*WORK TASK:* Once the line with "GREATIDE 6 Ft" is found in the data, output it and each following line exactly, up to and including the line with "White Daisies Seamless", and nothing before or after.

*THE DATA:*
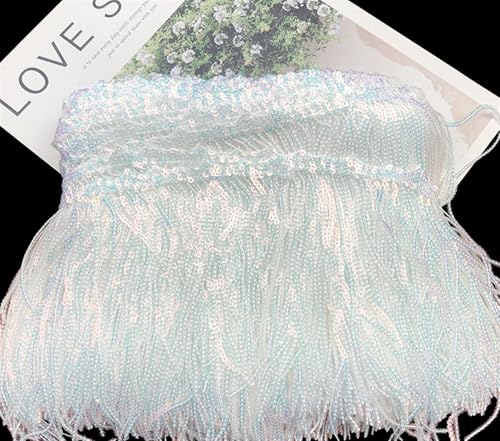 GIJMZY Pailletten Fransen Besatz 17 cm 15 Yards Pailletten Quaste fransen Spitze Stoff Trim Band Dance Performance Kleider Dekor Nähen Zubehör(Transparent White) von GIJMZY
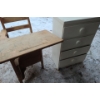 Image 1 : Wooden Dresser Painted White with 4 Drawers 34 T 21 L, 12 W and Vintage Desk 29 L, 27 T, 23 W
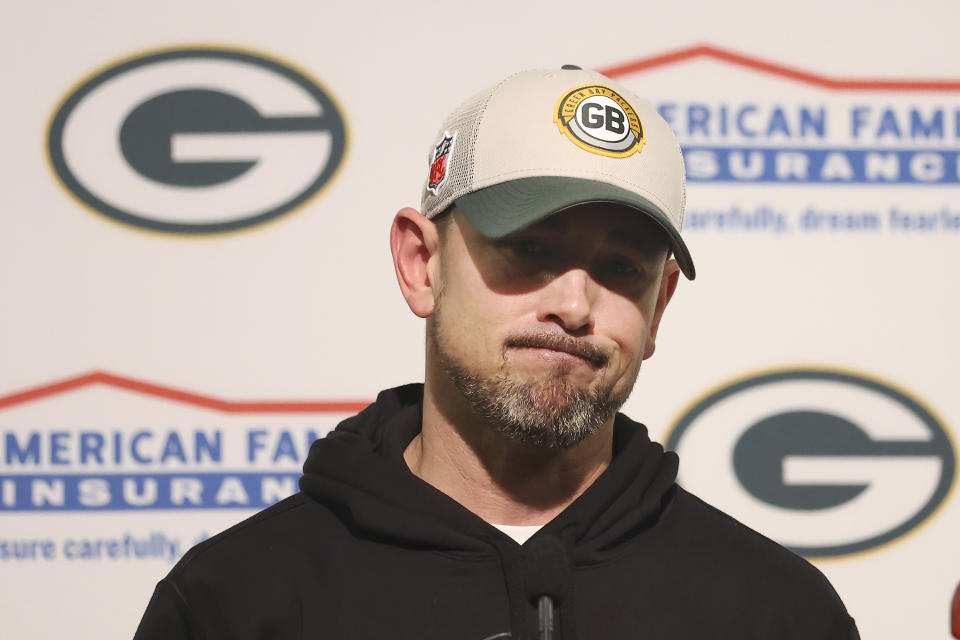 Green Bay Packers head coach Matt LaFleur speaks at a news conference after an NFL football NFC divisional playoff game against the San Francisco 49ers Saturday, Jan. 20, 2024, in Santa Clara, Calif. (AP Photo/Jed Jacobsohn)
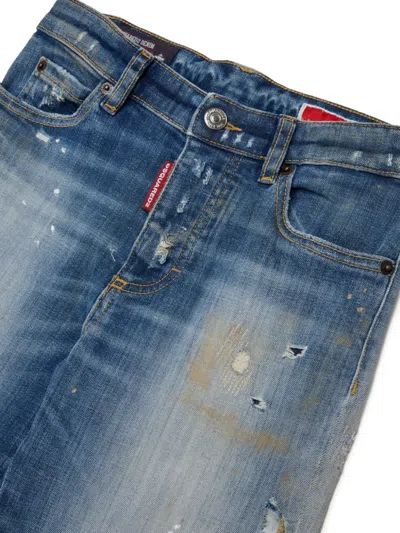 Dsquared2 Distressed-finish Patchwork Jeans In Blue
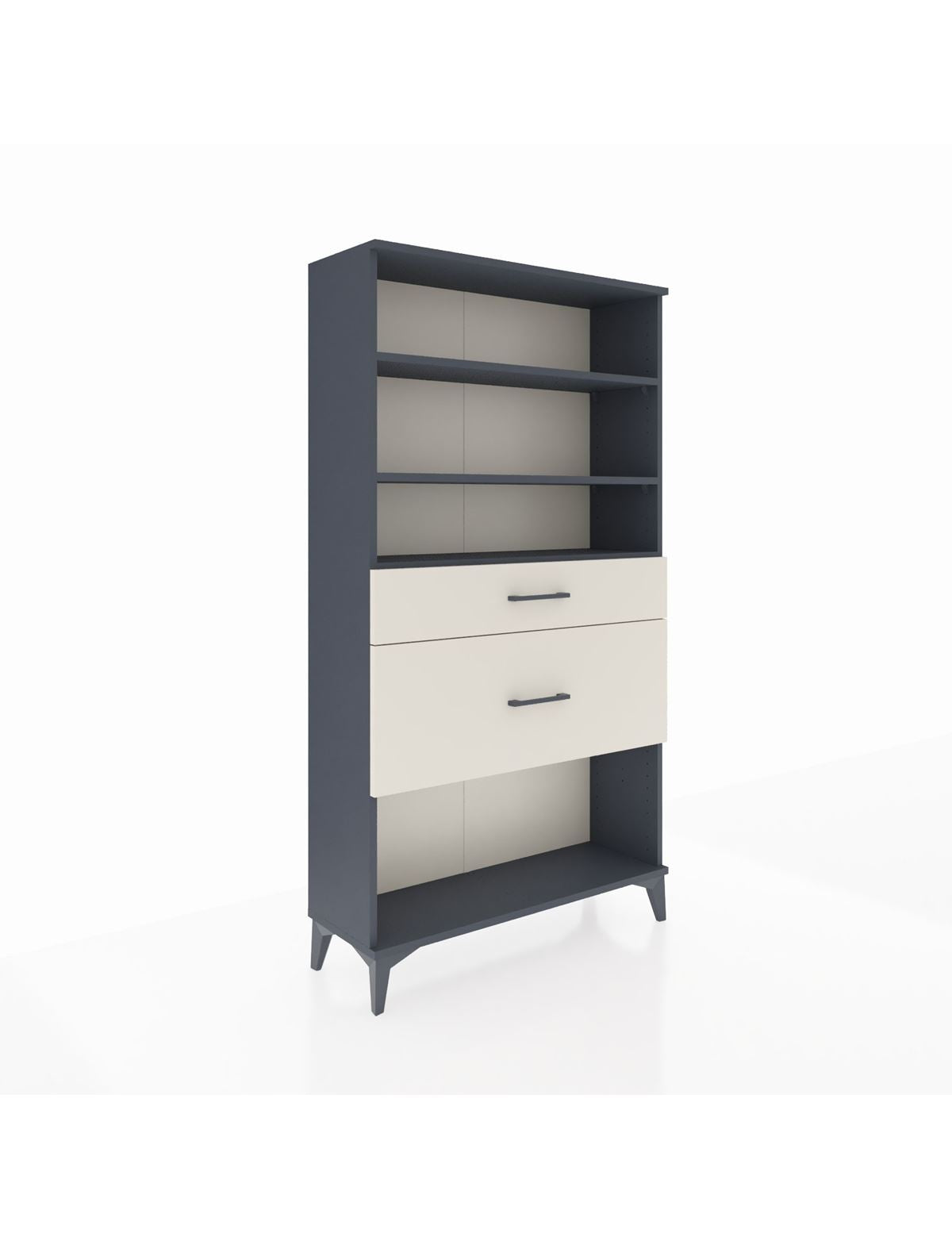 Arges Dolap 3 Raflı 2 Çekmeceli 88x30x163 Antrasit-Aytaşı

--

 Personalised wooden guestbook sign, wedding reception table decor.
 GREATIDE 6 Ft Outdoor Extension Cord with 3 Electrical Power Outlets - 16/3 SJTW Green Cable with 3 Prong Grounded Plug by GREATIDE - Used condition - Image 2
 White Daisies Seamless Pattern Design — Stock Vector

---

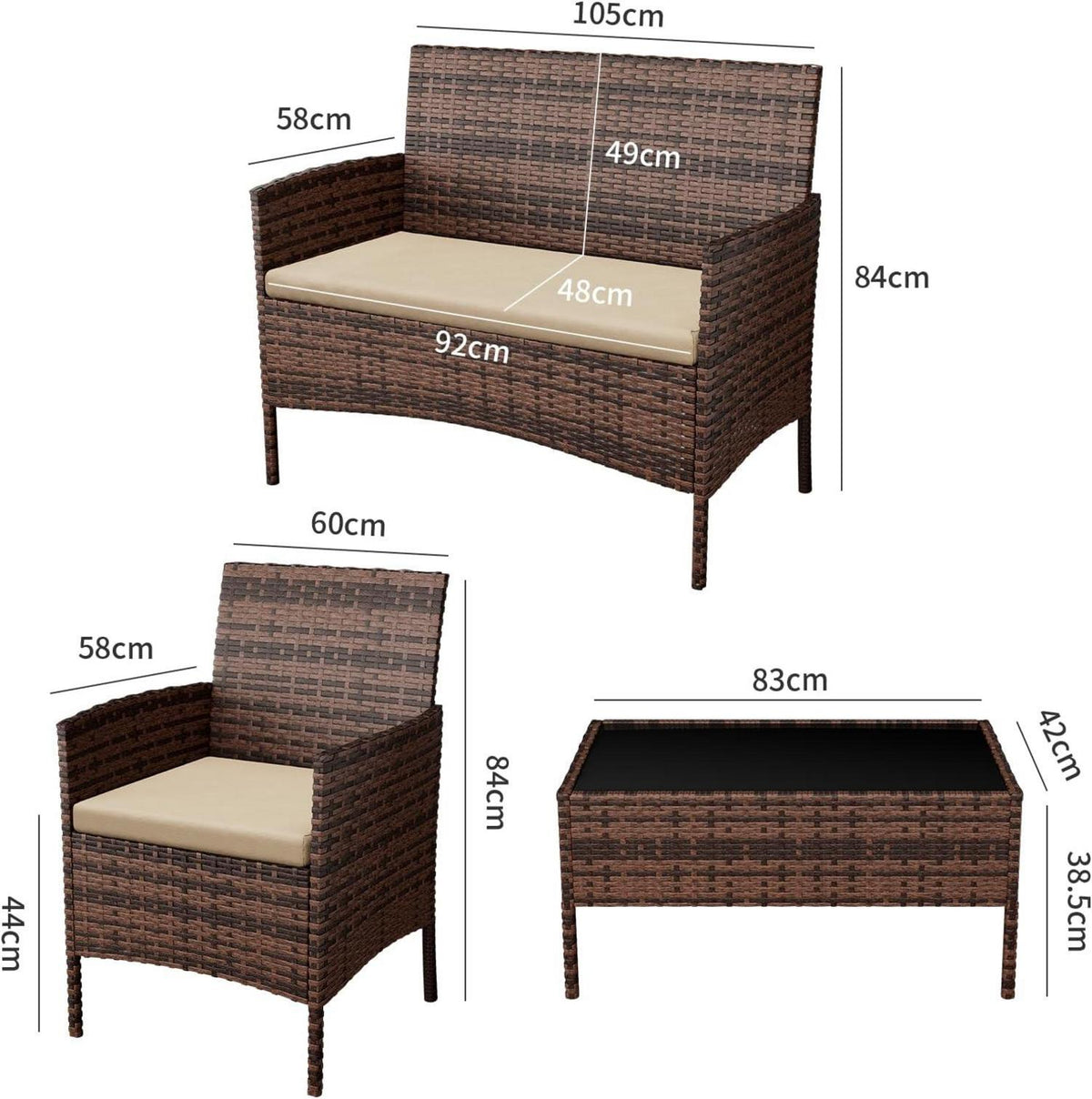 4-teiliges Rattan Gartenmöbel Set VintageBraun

*RESPONSE BELOW:*
 GREATIDE 6 Ft Outdoor Extension Cord with 3 Electrical Power Outlets - 16/3 SJTW Green Cable with 3 Prong Grounded Plug by GREATIDE - Used condition - Image 2
 White Daisies Seamless Pattern Design — Stock Vector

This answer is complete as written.